Glorious countryside for miles and miles. The hills were a bit brown and some crops turned under for the winter but those are small complaints. It’s simply beautiful and the pictures really don’t do it justice.
What could top that you say? In my opinion, it was the incredible medieval city of Montepulchiano. (I know it’s a mouthful). I couldn’t get a good shot of it, but you turn the corner on a little two lane road in the countryside shown above and there it is, looming on top of a hill, ancient looking in all it’s glory.
I wanted in! We did have to deal with getting a place to stay though and by now it was about 5:30. Luckily we saw a tourist office so we thought we’d go in and ask for a recommendation. They were so accommodating, the woman working there spoke wonderful English, she asked what we were looking for and then said the city was booked but she has some other options and she got us a room in the Hotel Panorama (the name says it all) on top of another hill 2k from the city.

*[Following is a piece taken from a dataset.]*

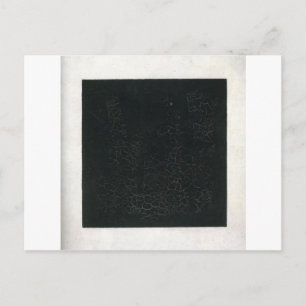 Zwart Suprematist Square door Kazimir Malevich Briefkaart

It’s the nicest room we have had yet on the road trip for a price less than what we have paid for several others and who could possibly say anything but good things about a place with this vending machine?
Yes, those are full bottles of wine in there. 🙂
After dropping our stuff, we rushed back to the city since I wanted to see all I could while there was light and so we parked the car and starting walking up, up and more up.

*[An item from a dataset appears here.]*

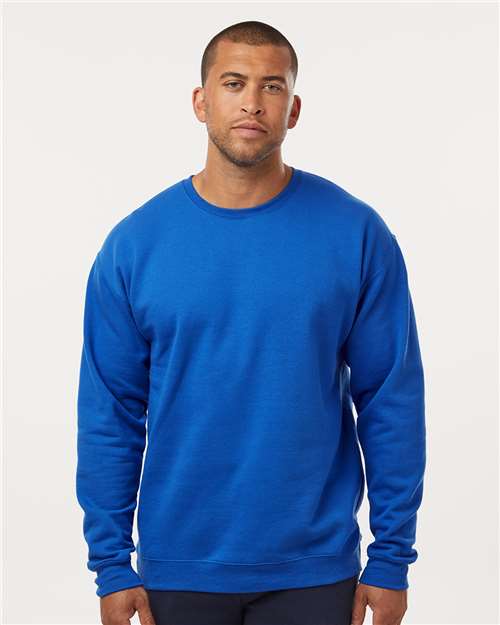 M&O 3340, Unisex Crewneck Fleece, Royal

This was an alley with an unusual sort of brick ramp as well as steps.
Just one example of many such passageways.
Obviously, the people this passage was built for were quite a bit smaller than Jack.
This is the medieval tower house with a bell that chimes every hour. The facade of the church is stone that is simply worn from age.
I can’t say enough about this town, I loved it. The tiny shops lining the tiny streets were full of real quality wares, not the normal tourist stuff. Amazing leather goods, the nicest original jewelry I have seen yet on this trip, a ceramic shop with hand painted bowls, platters etc. with Tuscan scenes. The kiln for firing the work was in the shop and the small items we bought there were sold by the artist herself.
And the wine! We had a wine in an outdoor bar right across from the the tower in the photo above that was superb and then we went to a tiny store and bought some bottles that the owner recommended. When I mentioned to her how lucky she was to have a shop in such a beautiful place she said, “Oh, we live here too (she and her husband) and we don’t even notice it anymore”. I don’t know how this is possible.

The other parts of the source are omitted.